ACLU asks to intervene in locker room lawsuit on behalf of trans student

Minnesota high school student targeted by lawsuit hopes to defend her ability to use the girls' locker room

Photo: compujeramey, via Flickr.
Photo: compujeramey, via Flickr.

The American Civil Liberties Union and the ACLU of Minnesota are interceding on behalf of a transgender student in Virginia, Minn. who has been targeted by a parents’ group that seeks to ban her from the girls’ locker room because of her gender identity. The girl in question, known as Jane Doe, is a sophomore who plays for the girls’ volleyball team, previously played for the girls’ basketball and track teams, and was granted access to the girls’ locker room in accordance with the Virginia school district’s policy regarding transgender students. 
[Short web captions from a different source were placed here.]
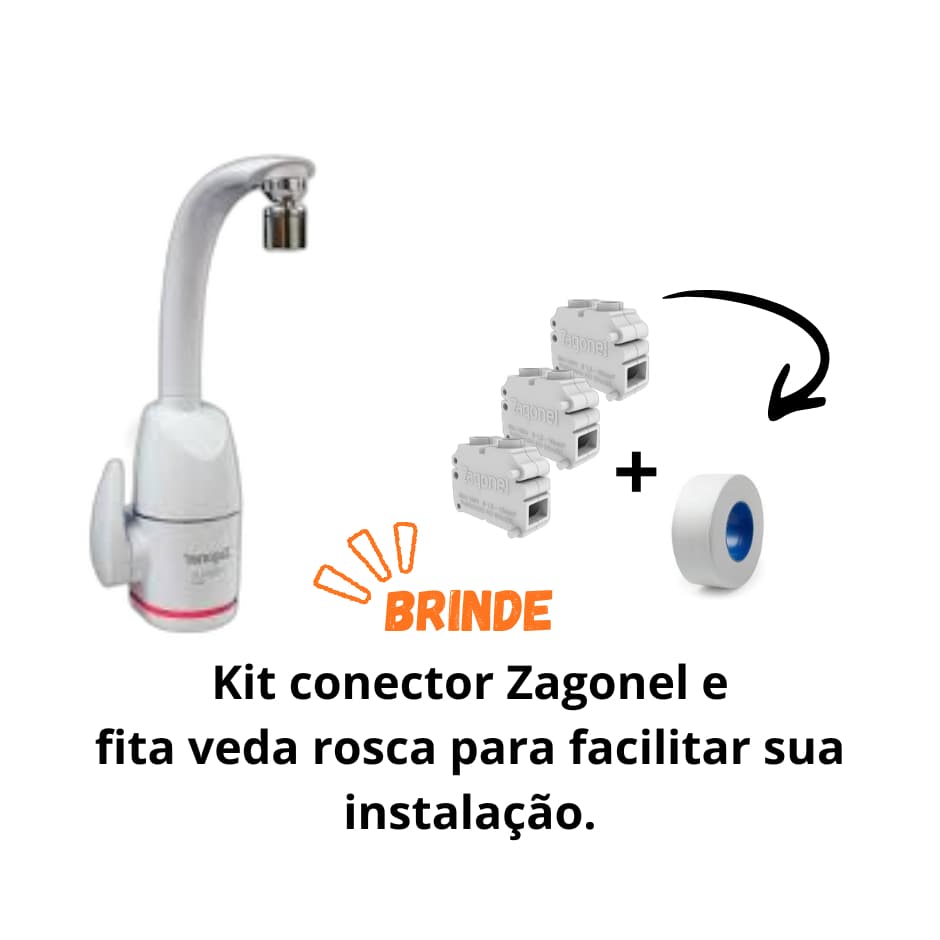 Torneira eletrônica Prima Branca 5500w 220v zagonel + BRINDE: kit conector e fita veda rosca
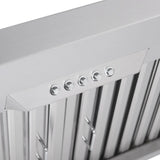 Cosmo QB90 36 in. Under Cabinet Range Hood with Push Button Controls, Permanent Filters, LED Lights, Convertible from Ducted to Ductless (Kit Not Included) in Stainless Steel COS-QB90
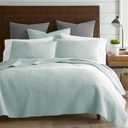 Levtex Home - Cross Stitch Blue Haze Quilt Set - 100% Cotton - King/Cal King Quilt (106x92in.) + 2 King Shams (36x20in.) - Reversible - Cotton Fabric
A small group of parents, acting through an organization known as “Privacy Matters,” has filed a lawsuit against Virginia Public Schools for its policy. They are also suing the U.S. Department of Education for its recently issued guidance provided to public schools regarding transgender students. In that guidance, the department encouraged school districts to treat transgender students equitably, including allowing them access to facilities that correspond with their gender identity.

The families behind Privacy Matters claim their daughters have been traumatized by having to share facilities with a transgender female, who they misgender in their complaint, referring to Jane Doe by male pronouns. The complainants also accuse Doe of dancing to loud music with “sexually explicit lyrics” while “grinding,” “twerking,” and “dancing like he (sic) was on a stripper pole” while lifting up her skirt to reveal her underwear. They allege Doe asked one girl about her bra size and requested they “trade body parts.”

But the ACLU alleges that the parents behind Privacy Matters, and their lawyers from the anti-LGBT Alliance Defending Freedom, are seeking to segregate Doe from her peers. In a press release, the ACLU claimed the complaint exaggerates Doe’s behavior “using misleading innuendo and salacious phrasing to depict the ordinary behavior of a teenage girl dancing with the rest of her friends as threatening or scandalous, just because she is transgender.”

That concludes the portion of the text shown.